Addiction. A prevalent problem in today’s society, marred with connotations of Trainspotting and other extreme representations that are portrayed in the media. In reality, addiction can take many forms and degrees of severity – and can dominate the sufferer’s life proportionately.
The social effects of addiction are often flippantly and frivolously discussed in papers, magazines and on daytime television but the theories of the root causation tend to be skirted around.
Forms of addiction at onset
Genetic research is one of the most commonly utilised ways of exploring the biological causes of alcohol addiction – itself one of the most commonly studied addictions. There is copious evidence to support the theory that alcoholism runs in families. In fact, the risk of developing an addiction to alcohol is four times as likely among males with alcoholic fathers than males of non-alcoholic fathers.

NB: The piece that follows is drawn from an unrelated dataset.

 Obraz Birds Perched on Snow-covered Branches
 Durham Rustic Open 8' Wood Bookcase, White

Nonetheless, the majority of children of alcoholic parents do not develop an addiction. In fact, approximately 50% of alcoholics do not have any other family members suffering the same issue. So, we can only conclude that genetics is not necessarily the primary factor.
Two Types of Alcohol Addiction
American psychiatrist and geneticist, Cloninger, discusses two types of alcoholism: Milieu-Limited (Type I) and Male-Limited (Type II), in a classic and well referenced study.

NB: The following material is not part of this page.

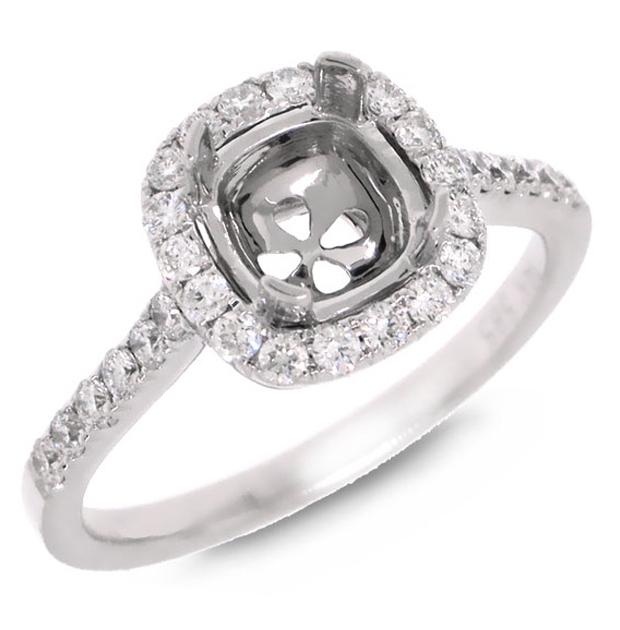 0.45 Ctw 14k White Gold Diamond Semi-mount Ring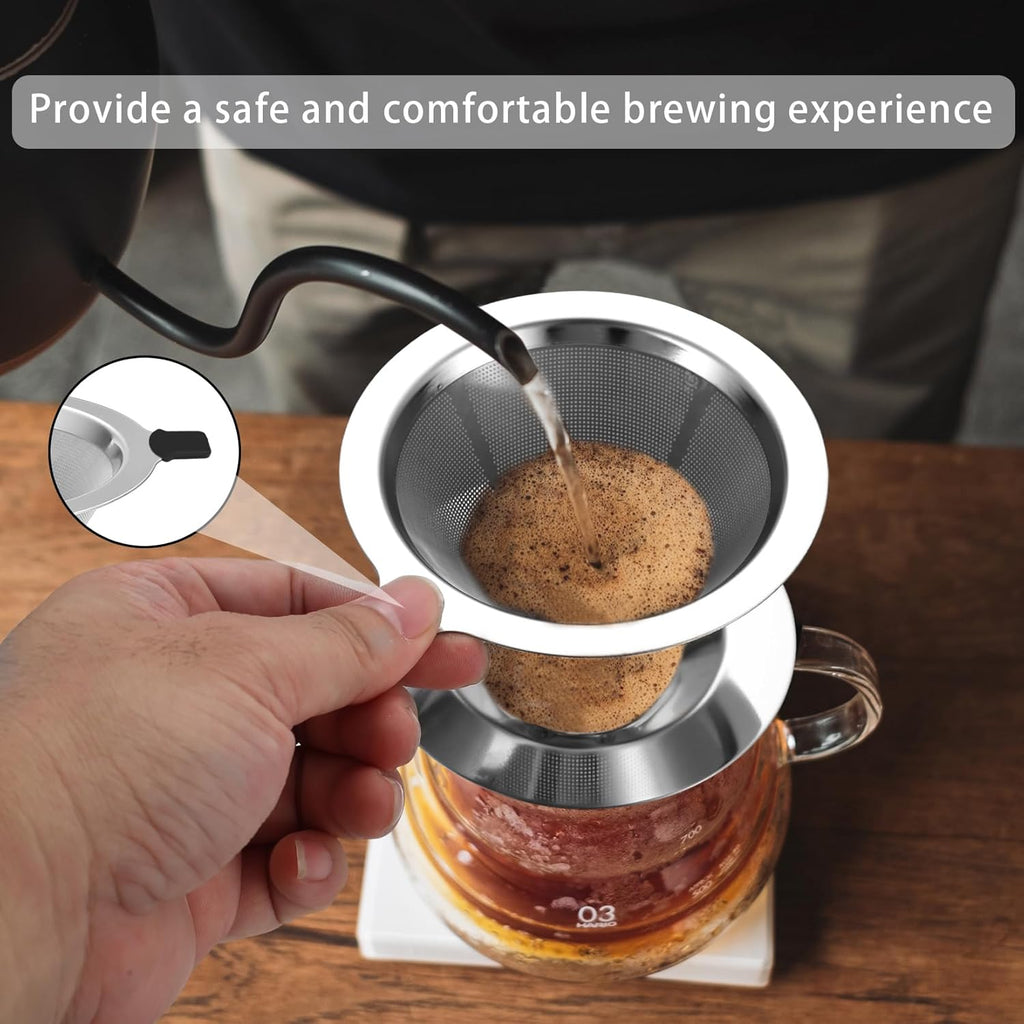 Pour over Coffee Dripper, Stainless Steel Pour over Coffee Filters, Paperless Me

Milieu-Limited (Type I) alcoholism is characterised by heavy drinking in response to setbacks and losses. These alcoholics are able to stop drinking for long periods of time and may even fear their alcoholism. Personality traits demonstrated tend to be anxious, shy, pessimistic and sentimental.

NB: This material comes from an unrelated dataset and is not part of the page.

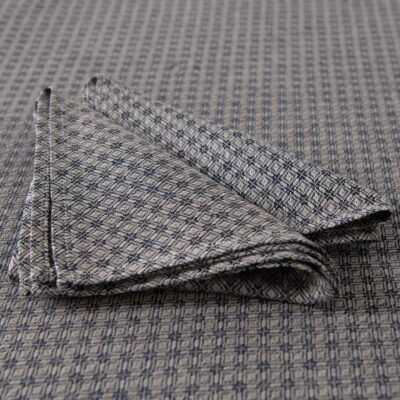 dark blue patterned linen-cotton tablecloth matching napkins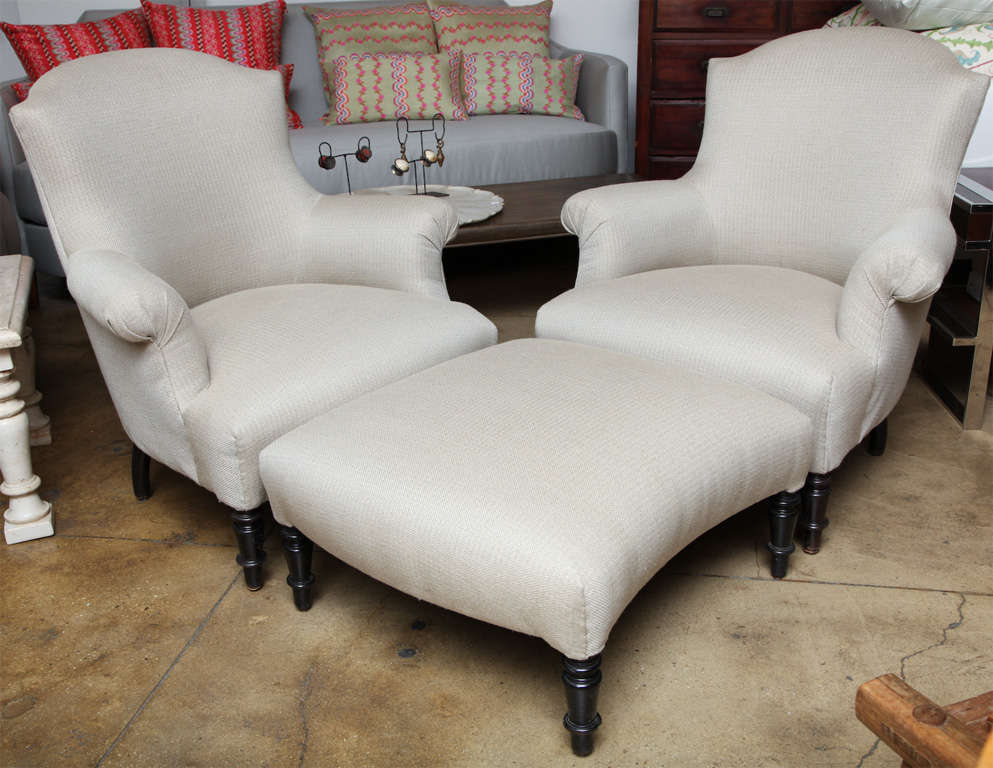Upholstered Armchairs & Ottoman 3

Male-Limited (Type II) alcoholism is characterised by heavy drinking before the age of 25 and a close male relation who is also alcoholic. They will drink regardless of life-circumstance and have no guilt or fear over their drinking habits. Their personality traits tend to demonstrate impulsiveness, aggression, optimistic and excitable.
This typifying can be supported by evidence from Linnoila (1997), that shows 20% of sons of Type II alcoholics will become addicts themselves. Conversely, it has been observed that “some adoptees, whose biological parent – mother or father – was alcoholic were influenced by the environmental effect in the adoptive family” (Cloninger, 1981).
Neurotransmitters may play a very important role in addiction. These are the brain chemicals that communicate information throughout our bodies. Current research points towards the neurotransmitter, dopamine; the one that helps control the brain’s pleasure centre and often dubbed as the ‘Happiness Molecule’. Synthesised dopamine can also be used to treat neurological disorders such as Parkinson’s Disease.
Kenneth Blum PhD, a Psychopharmacologist (psychiatrist who specialises in medicine), states that:
“Forty years of research into the causes of alcoholism and other addictions have led to one conclusion:
Irresistible craving is a malfunction of the reward centres of the brain … Genetic research … indicates that the malfunction begins in the gene. The same could occur in cake addiction, prescription drug addiction, painkiller addiction (opioid and non – opioid based medicines)”.
Why is Dopamine so important?
Dopamine (DA) is a natural chemical that is made within the human body that is “derived from a series of minor changes in two dietary amino acids: tyrosine and L – tryptophan” (Understanding Biological Psychiatry) and it is clinically relevant in the following conditions, according to Hedaya, 1996:
- Parkinson’s Disease
- Substance Abuse
Dopamine is utilised for many higher brain functions including attention, reward and executive functions: focusing, planning, judgement, decision making, and social functioning. Dopamine is located in the frontal lobes of the brain and also in the limbic system.
What do these frontal lobes do?
Primarily, the frontal lobes become active during the processes of self awareness – which includes introspection, and physical and emotional sensation. The role of dopamine within the brain is part of the Brain Reward Cascade (BRC) which is the harmonious functioning of the brain’s neurotransmitters working together in complex ways to ensure the proper levels of dopamine in the brain’s reward centre are maintained.
Pleasurable activities or occurrences, even something as simple as receiving a compliment, result in the release of dopamine, the ‘feel-good neurotransmitter’, in the brain.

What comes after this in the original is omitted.